• _Exercise aim_:
From the line containing "Sandals Flora Hotel" through the last line below, copy every line exactly, leaving out the pictures.

• _Data for analysis_:
__________________________________________________

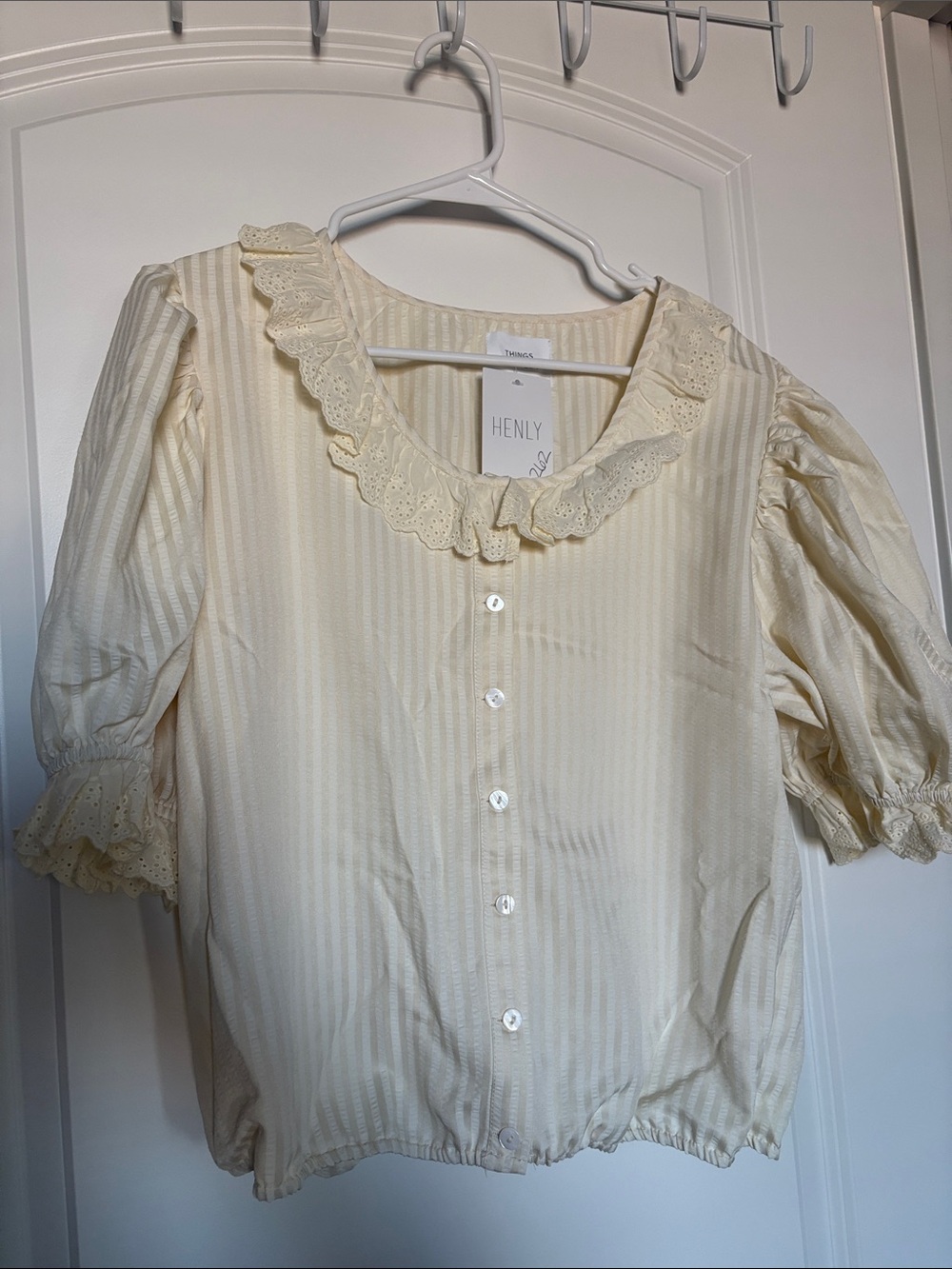 Things Between Frilly Puff Sleeve Butter Yellow Top Size Large NWT Cottagecore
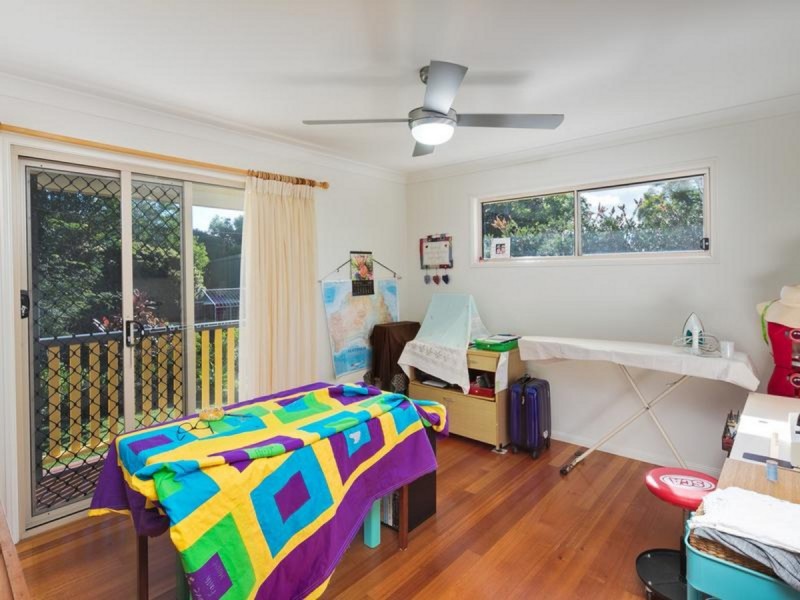 7 Watsonia Street, Redland Bay QLD 4165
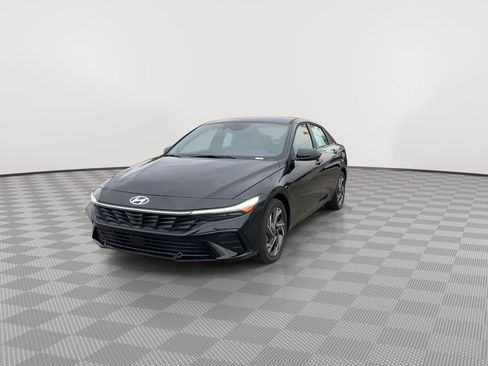New 2025 Hyundai Elantra Limited image 8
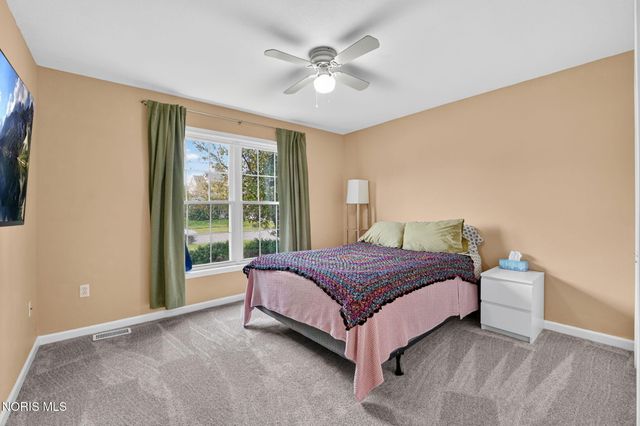 7018 Twin Lakes Road, Perrysburg, OH 43551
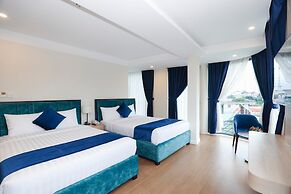 Sandals Flora Hotel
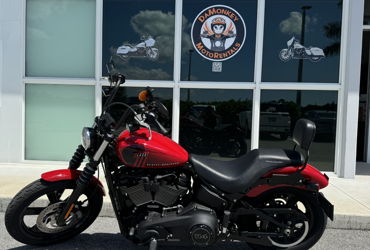 2023 HARLEY-DAVIDSON STREET BOB 114 motorcycle for rent near Golf, FL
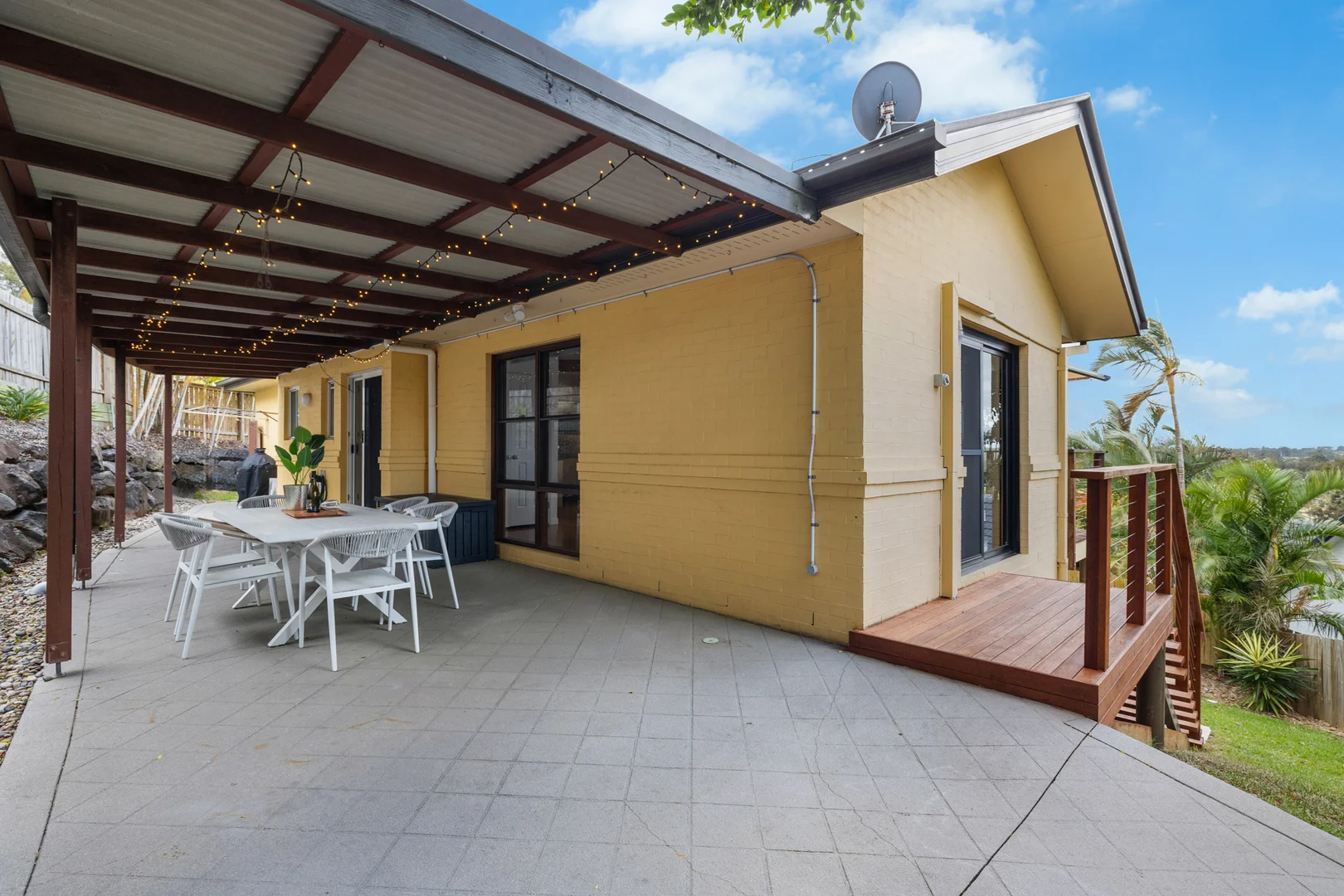 18 Tara Terrace, Carrara QLD 4211 | Domain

__________________________________________________

• _Reply to the exercise_:
 Sandals Flora Hotel
 2023 HARLEY-DAVIDSON STREET BOB 114 motorcycle for rent near Golf, FL
 18 Tara Terrace, Carrara QLD 4211 | Domain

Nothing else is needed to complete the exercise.